Symbolism, Imagery, Allegory
Which would you rather have: a beautiful flower that kills off the entire environment or a skateboard that can hover? (Is this one of those trick questions?)
Hoverboards aren't just the coolest toy in the book, they're also a handy symbol. The hoverboards often get compared to toys or pets: the hoverboard is "like a littlie's balloon" (3.89) or bumps ankles like a dog (4.13, 46.16). So hoverboards = toys. So hoverboards are symbols of innocent childhood, right?
Tool Story
Hold on there. Because in the middle of the book, when Tally is learning how to use the hoverboard, it suddenly seems unlike a toy to Tally: "She had stopped thinking of it as a toy, like a littlie's balloon. The hoverboard had become something more solid, something that obeyed its own rules, and that could be dangerous, too" (9.48). So the hoverboard becomes a tool, something that can be useful or dangerous depending on how it's used. Which makes hoverboards symbols of maturity, right?
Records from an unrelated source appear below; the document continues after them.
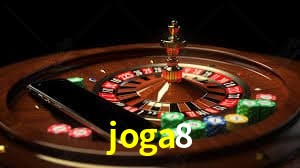 Experiência VIP joga8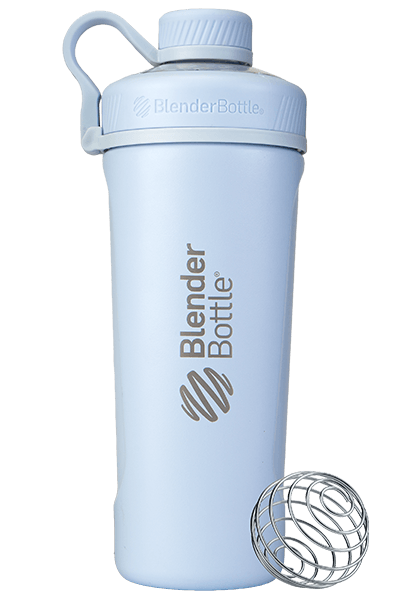 Radian® Insulated Stainless Steel Z2ZW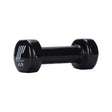 Superball Vinyl Dumbbell | Toby's Sports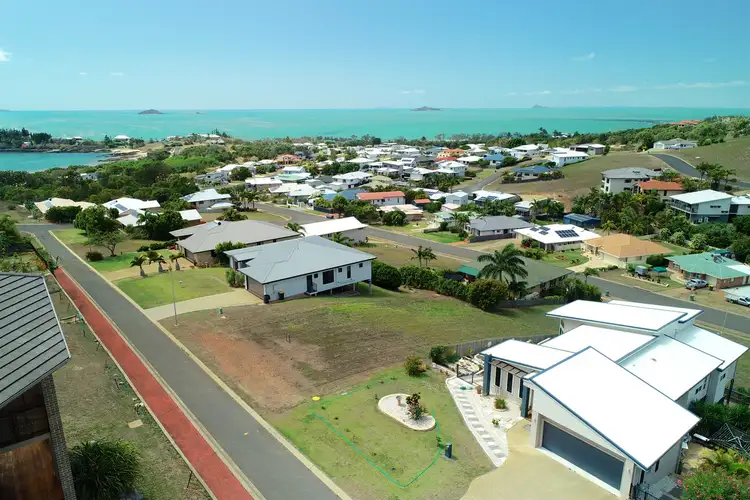 18 Livstonia Crescent, Emu Park QLD 4710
Keep holding. Because our favorite villain, Dr. Cable says that hoverboards are always the toys/tools of rule-breakers. When Tally tells her that Shay used a hoverboard, Cable responds, "Of course a hoverboard. What is it about those things and miscreants?" (16.33). So according to Cable, hoverboards = criminal activity. So that must mean hoverboards are symbols of rule breaking.
(Brain Snack: in an interview, Westerfeld notes that, when he was growing up, skateboards became cool. And as soon as kids were using skateboards, suddenly there were all these "No Skateboarding" signs. He points how older people usually don't like the things that younger people do—skateboards, hoodies, the Internet, cat videos, you know.)
So which is it? It's all three—a symbol of childhood, adulthood, and criminalhood. (That last one isn't a word, but we like it.) Hoverboards might be our favorite bit of technology because it doesn't seem all good or all bad or all adult or all childish. So, maybe hoverboards what they really symbolize is potential.